══ THE DATA

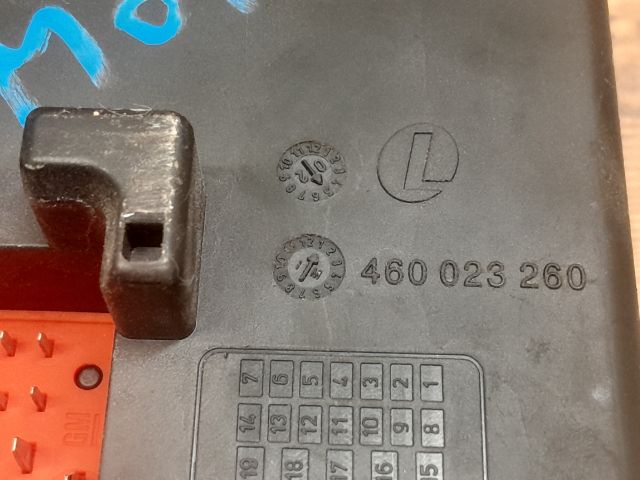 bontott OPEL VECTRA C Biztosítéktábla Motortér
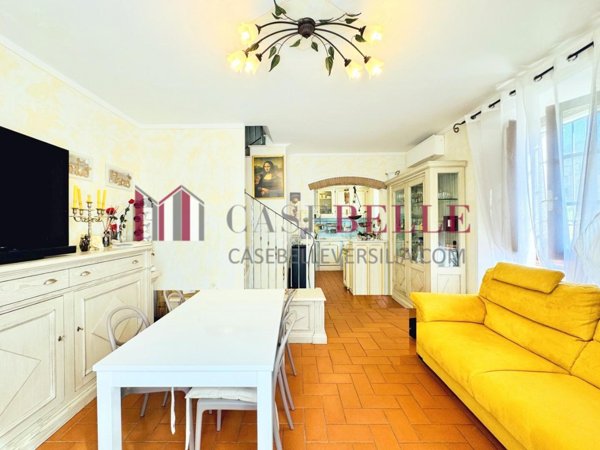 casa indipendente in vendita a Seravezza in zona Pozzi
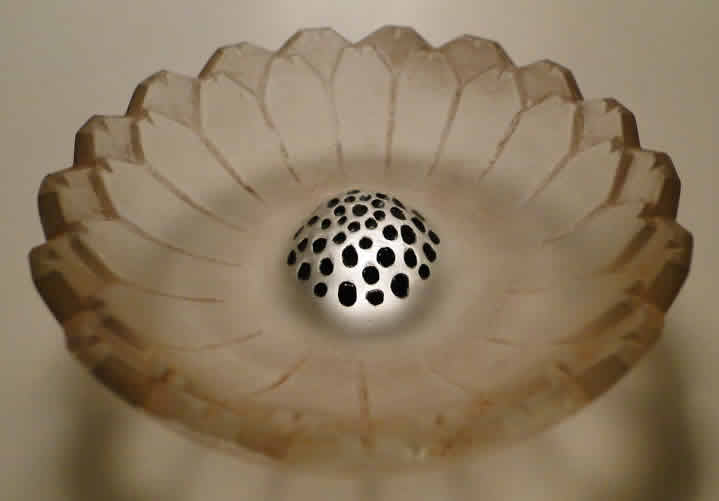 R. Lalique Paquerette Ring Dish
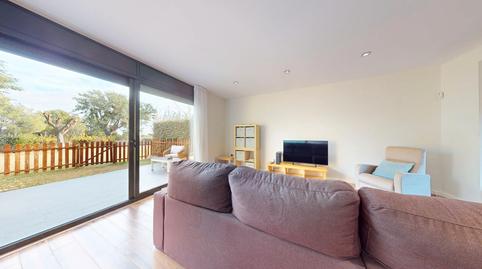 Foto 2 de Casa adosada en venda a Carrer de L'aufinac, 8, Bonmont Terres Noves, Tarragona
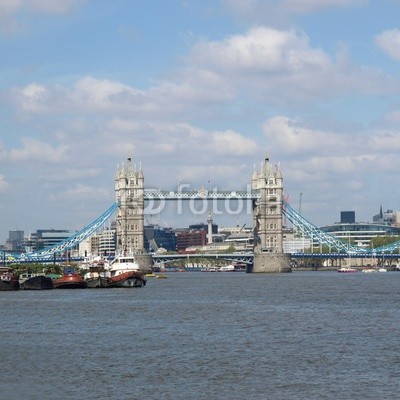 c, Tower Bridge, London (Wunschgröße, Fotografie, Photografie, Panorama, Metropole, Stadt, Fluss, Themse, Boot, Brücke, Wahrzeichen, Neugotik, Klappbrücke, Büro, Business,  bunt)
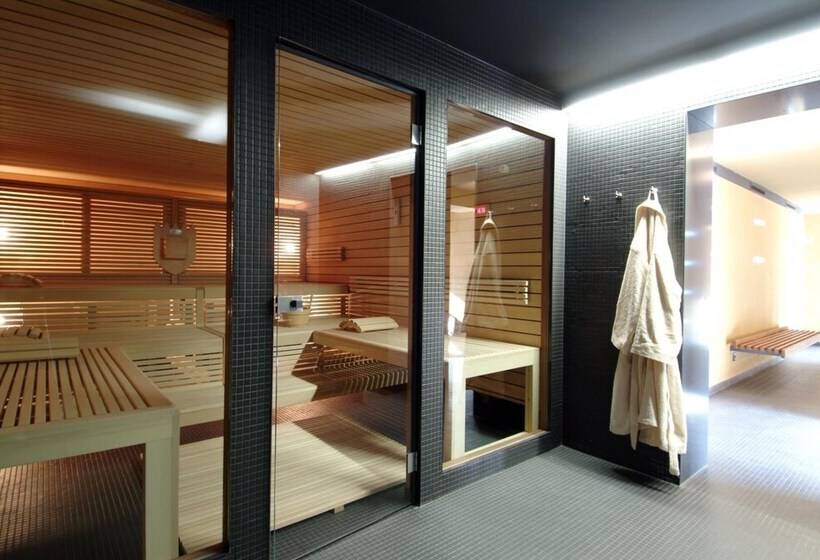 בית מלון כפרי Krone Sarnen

════

WORK TASK:
Each record should appear again exactly as it stands, with no picture included.

SOLUTION TO THIS EXERCISE:
 bontott OPEL VECTRA C Biztosítéktábla Motortér
 casa indipendente in vendita a Seravezza in zona Pozzi
 R. Lalique Paquerette Ring Dish
 Foto 2 de Casa adosada en venda a Carrer de L'aufinac, 8, Bonmont Terres Noves, Tarragona
 c, Tower Bridge, London (Wunschgröße, Fotografie, Photografie, Panorama, Metropole, Stadt, Fluss, Themse, Boot, Brücke, Wahrzeichen, Neugotik, Klappbrücke, Büro, Business,  bunt)
 בית מלון כפרי Krone Sarnen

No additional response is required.